Katarina (before November 27, 1399 – after June 30, 1413) was the daughter of Vuk Vukčić Hrvatinić, a Bosnian lord and Croatian-Dalmatian ban, the brother of Duke Hrvoje Vukčić. Her mother was Banica Anka. In addition to Katarina, Ban Vuk also had a daughter, Jelena, from a previous marriage. Upon the death of Ban Vuk Vukčić, his brother Hrvoje Vukčić took care of his family. Katarina is first mentioned in historical sources on November 27, 1399, when her mother Banica Anka, in her own name and in the name of her minor daughters, sold seven plots of arable land in the village of Malinavas, in the Lučko district, to Duke Tvrtko Kurjačić for 500 ducats, which fell under Ostrovica and Skradin, possessions previously held by her husband Vuk Vukčić. Taking these facts into consideration, it can be concluded that, following the death of the ban, who did not leave any male heirs, his possessions passed to his wife and minor daughters. The king had to expressly consent to this principle of inheritance. Duke Hrvoje Vukčić arranged Katarina’s marriage to Karlo Kurjaković, the son of Prince Pavle of Krbava. However, the obstacle to this marriage was the blood relationship of the bride and groom, so Duke Hrvoje asked the Pope for permission in 1401. Pope Boniface IX granted permission considering that it was pointed out to him that the future spouses were in the fourth degree of consanguinity. As it turned out, the newlyweds were even more closely related than initially thought. They were in the third degree of consanguinity, although it remains unknown in what way. Therefore, Pope Innocent VII made it impossible to conclude this marriage. Immediately after the papal annulment, there were negotiations on the marriage of Katarina to Duke Sandalj Hranić and her sister Jelena to Sandalj’s brother Prince Vuk Hranić. The marriage took place in the spring of 1405. Both marriages are a reflection of the rapprochement of Hrvatinić and Kosača families, and all of this was especially beneficial to Sandalj Hranić, who became part of the most prominent Bosnian noblemen. This was the second marriage for Duke Sandalj, since he was previously married to Jelena Crnojević.

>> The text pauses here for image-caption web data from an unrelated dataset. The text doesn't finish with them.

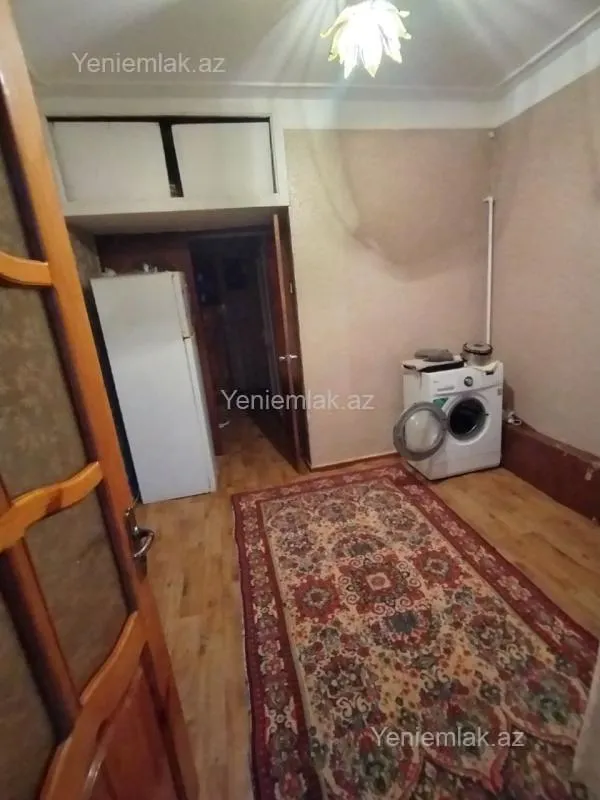 Satılır 3 otaqlı köhnə tikili 55 m²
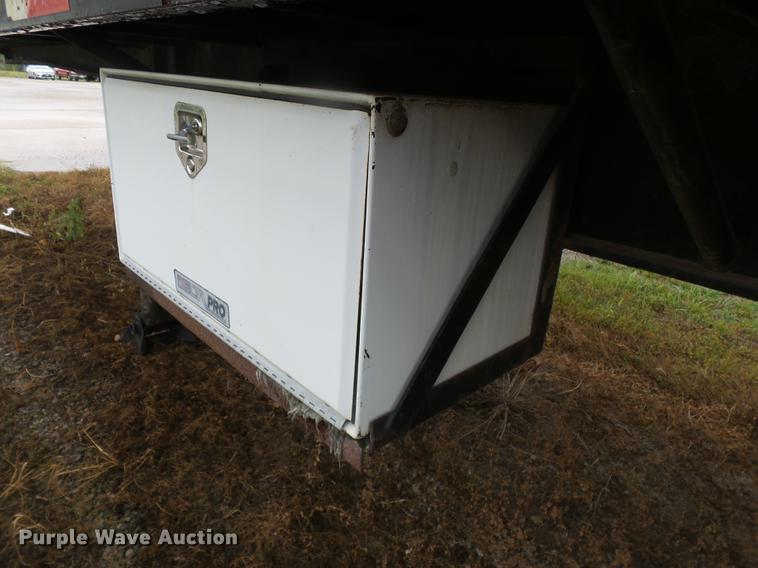 image for item DB7061 1977 Dorsey flatbed trailer
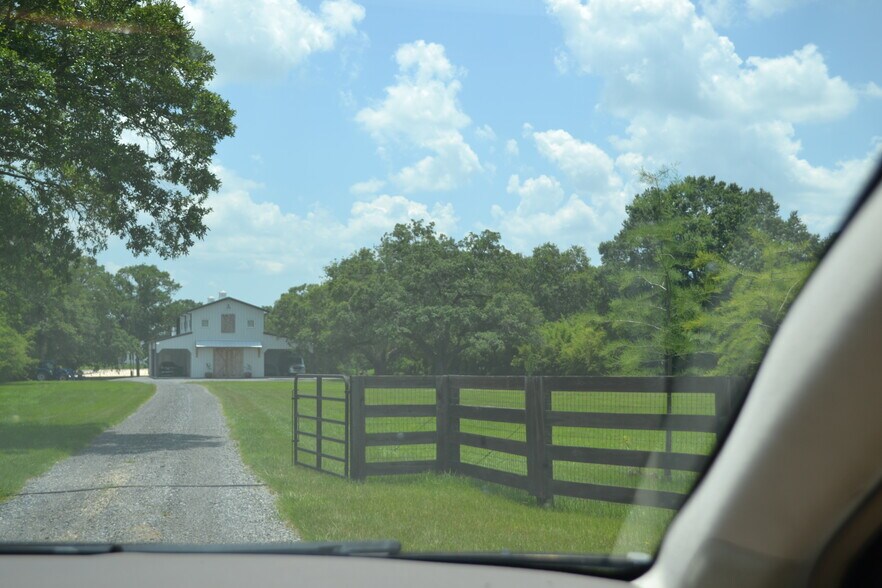 More Photos Of 5818 N Freetown Rd, New Iberia Land For Sale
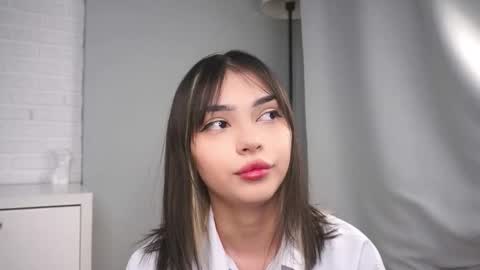 Snapshot of ingakorgy chatting on 02.04.26 Molly online show from 02.04.26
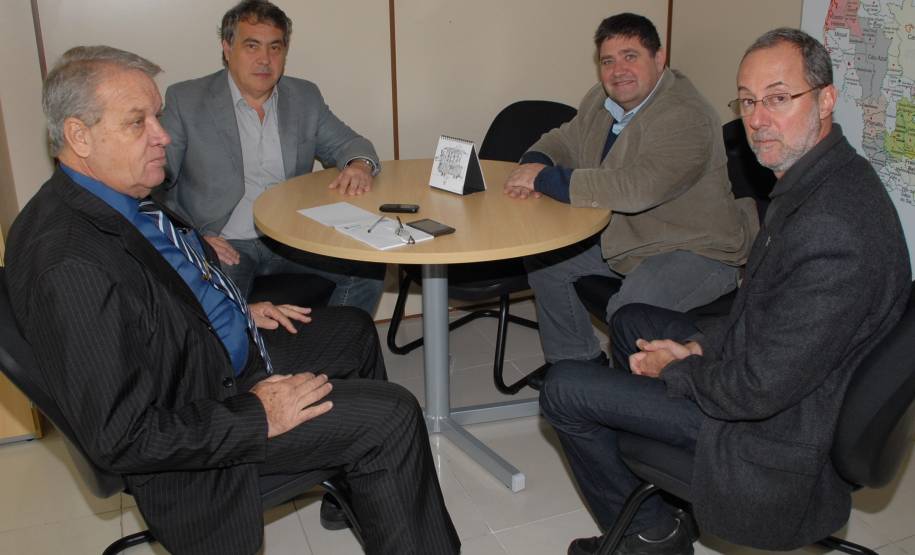 Aconteceu nesta terça-feira (25) uma reunião de trabalho com representantes do Sindicato dos Despachantes do Paraná (Sindepar) e do Departamento de Trânsito do Estado (Detran).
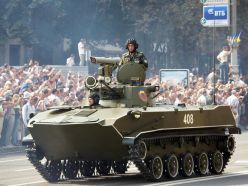 Un blindado BMD-2 ucraniano armado con un lanzador de misiles 9K111 Fagot.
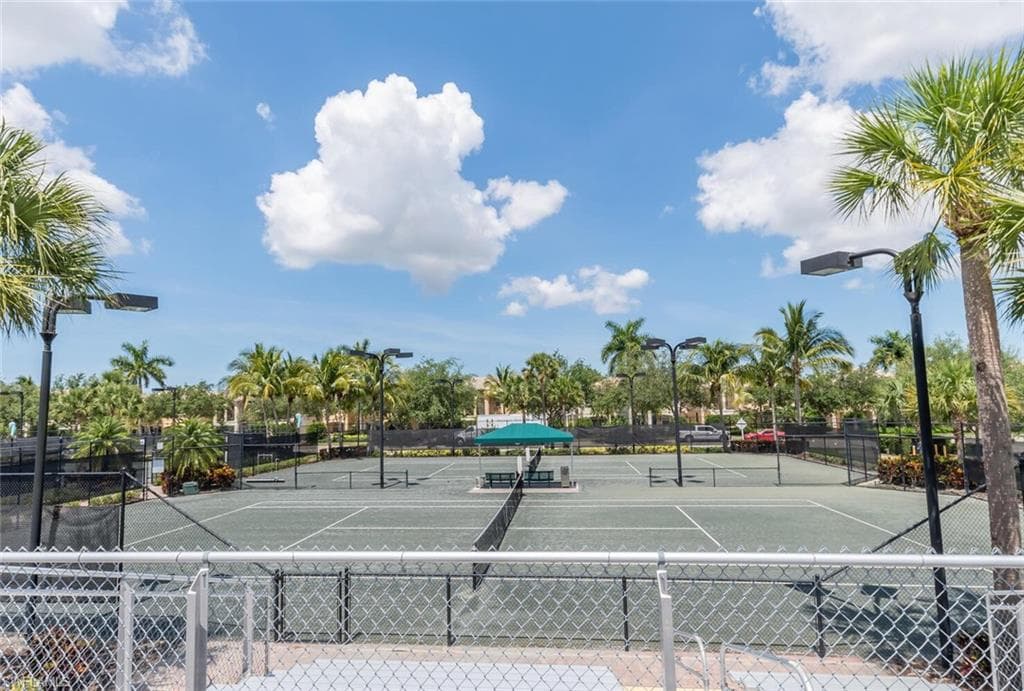7025 Leopardi Ct, Naples, FL 34114-49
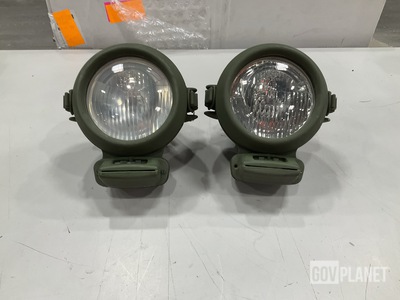 (2) Hella 1A3 001 123-087 Headlights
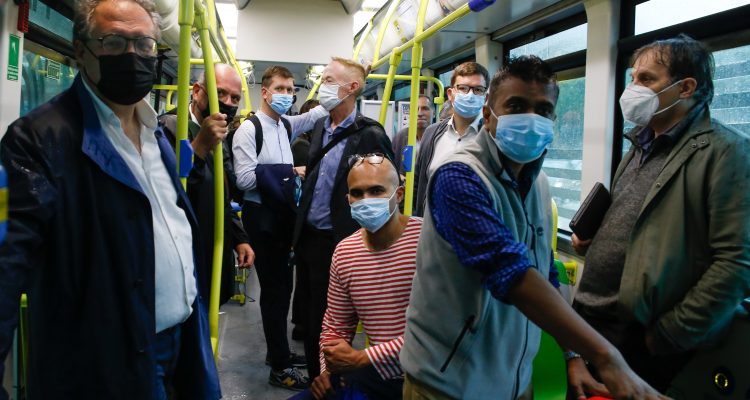 Grupo de movilidad en el interior de un bus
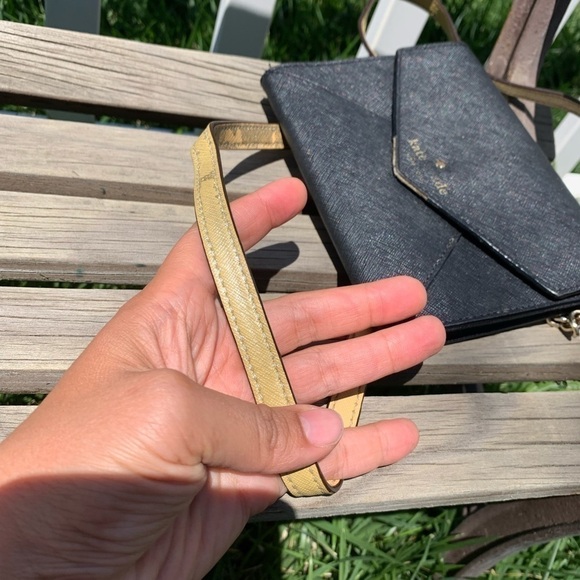 Kate spade cedar street monday crossbody - Picture 2 of 9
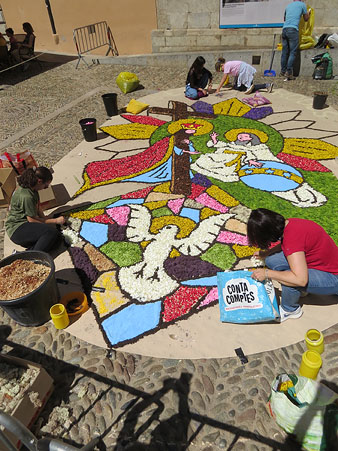 Confecci&oacute; d'una de les catifes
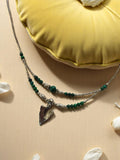 Collier vintage perles nacrées et vertes pendentif flèche double rang fantaisie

By marrying Sandalj Hranić, Katarina brought as her dowry the towns of Ostrovica and Skradin, which were still owned by her father Ban Vuk. Two years later, on March 23, 1407, Ladislaus of Naples confirmed the possession of these towns to Sandalj Hranić, his ally on the Bosnian side. Both Sandalj and Banica Anka and Katarina held power over the towns in question. In June 1409, Banica Anka and Duke Sandalj jointly gifted Prince Aleksa Paštrović possessions in Ostrovica county, emphasizing that the possessions came from their heritage. It is particularly interesting that Duke Sandalj with his wife Katarina, and Banica Anka opened a deposit in Ragusa, primarily for the protection of their property.

When the Venetian-Hungarian conflict began in 1409, control of Skradin and Ostrovica became one of the primary focuses of war politics for both warring parties. Given that Duke Sandalj was in conflict with King Sigismund of Luxembourg, the Venetians undertook a diplomatic offensive with the aim of capturing these towns. However, due to the presence of dual power over the towns, the Venetian authorities had to include Banica Anka in the negotiations. Finally, on April 13, 1411, a contract was concluded on the cession of Ostrovica and Skradin to the Venetians. Sandalj thus got rid of the towns that during the Venetian-Hungarian War were simply a burden to him. In addition, by selling the property he received as a dowry, Sandalj was finally able to divorce Katarina, since his relations with Duke Hrvoje had long been troubled. Already in 1410, Sandalj was planning to end the marriage, but the Ragusans refused to give him the requested help, fearing the reaction of Katarina’s uncle, Duke Hrvoje. And yet, the very next year, in 1411, Sandalj married Jelena, which means that immediately before that, the marriage with Katarina was terminated and the final split with the Hrvatinići took place. The divorce itself took place between June and December 1411.

In the years following the termination of her marriage with Duke Sandalj, Katarina appeared sporadically in sources related to the opening of deposits in Ragusa. A final record of her existence is found at the end of June 1413, when she closed her deposit in Ragusa with her mother Banica Anka.